# I get to be first!!!



## Loke (Sep 7, 2007)

So I get to be the first to post up a picture of the greatest hunting dog on earth (in my humble opinion).


----------



## 4x4 Bronco (Sep 7, 2007)

that's a fine looking dog ya got there :!:


----------



## 12 Volt Man (Sep 7, 2007)

Who in the world would ever want a Chessie?  

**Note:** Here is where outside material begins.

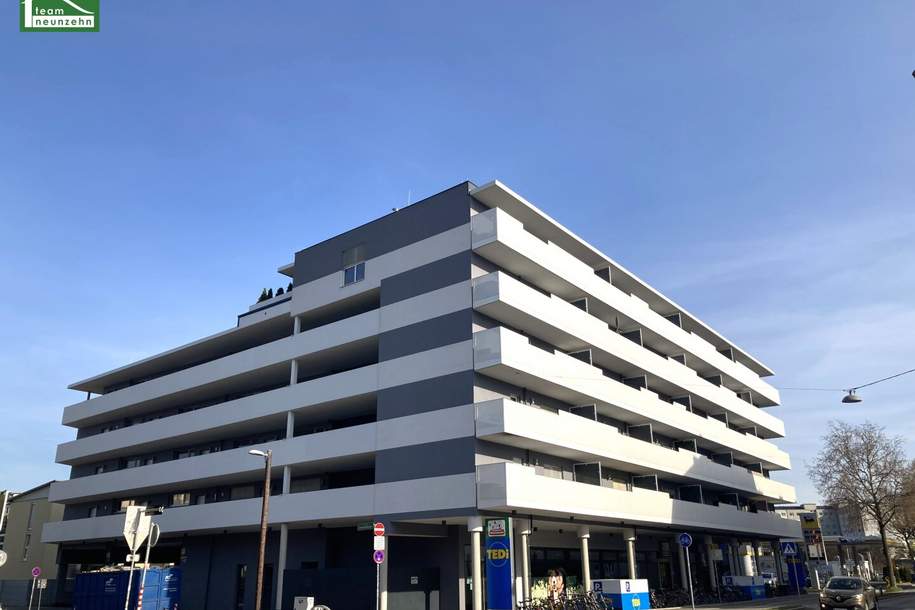 Moderne 3-Zimmer-Wohnung im beliebten Grazer Bezirk Lend – Provisionsfrei!, Wohnung-miete, 849,70,€, 8020 Graz(Stadt)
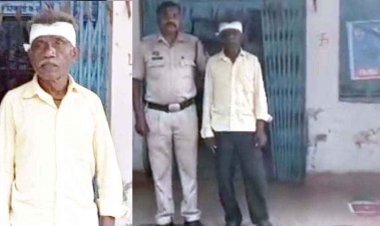 पुरानी रंजिश में तेज धारदार लोहे के बण्डा से किसान के सिर पर जानलेवा हमला, पुलिस की त्वरित कार्यवाही, आरोपी तिहारु गिरफ्तार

There that feels more like the old place.  :mrgreen:


----------



## Loke (Sep 7, 2007)

Elkhuntingfool said:


> Is that a lab :lol:


I had some woman comment to me once while I was walking Shasta that she had never seen a Lab with curly hair. I told her that she still hadn't.


----------



## Loke (Sep 7, 2007)

12 Volt Man said:


> Who in the world would ever want a Chessie?
> 
> There that feels more like the old place.  :mrgreen:


and if you keep that up, I'll have to use these :evil: :twisted: :evil: :twisted: :evil: :twisted: :evil: :twisted: :evil: :twisted: :evil: :twisted: :evil: :twisted: :evil: :twisted: :evil: :twisted:


----------



## Loke (Sep 7, 2007)

So, no one else wants to post a picture of their dog. I understand. It is tough to compete with my Chessie. :wink: :wink:


----------



## Grandpa D (Sep 7, 2007)

What's tough is posting a dang picture!


----------



## Loke (Sep 7, 2007)

Just like on the old site, or even easier. you can click on the "upload attachment" tab under the box where you write your text, and load them directly from your computer. They just can't be too big.


----------



## STEVO (Sep 13, 2007)

Youve seen this one before, but sorry I dont have many pics from a digital I can post. i have plenty of prints though.
I agree with you Loke, Best dogs on the planet!!!!!!


----------



## dkhntrdstn (Sep 7, 2007)

this there bed they think.


----------



## Donnerhund GWPs (Sep 12, 2007)




----------



## chuckmiester (Sep 9, 2007)

i really like the first pic. dkhntrdstn. it kind of reminds me of one of my labs. she wont sleep on anything unless theres a pillow for her, but she really enjoys our beds.


----------



## hessian (Sep 21, 2007)

[attachment=0:992b7]IM000684.JPG[/attachment:992b7][attachment=1:992b7]IM000725.JPG[/attachment:992b7][attachment=2:992b7]IM000735.JPG[/attachment:992b7] this is my future great hunter only 6 months now but wait till he grows up!


----------



## Donnerhund GWPs (Sep 12, 2007)

Ahh! another B/W Wirehair- Be still my heart!


----------



## outdoorgirl (Sep 29, 2007)

the best dogs are german wire hairs


----------



## needsomehuntn (Sep 24, 2007)

how about another chessie


----------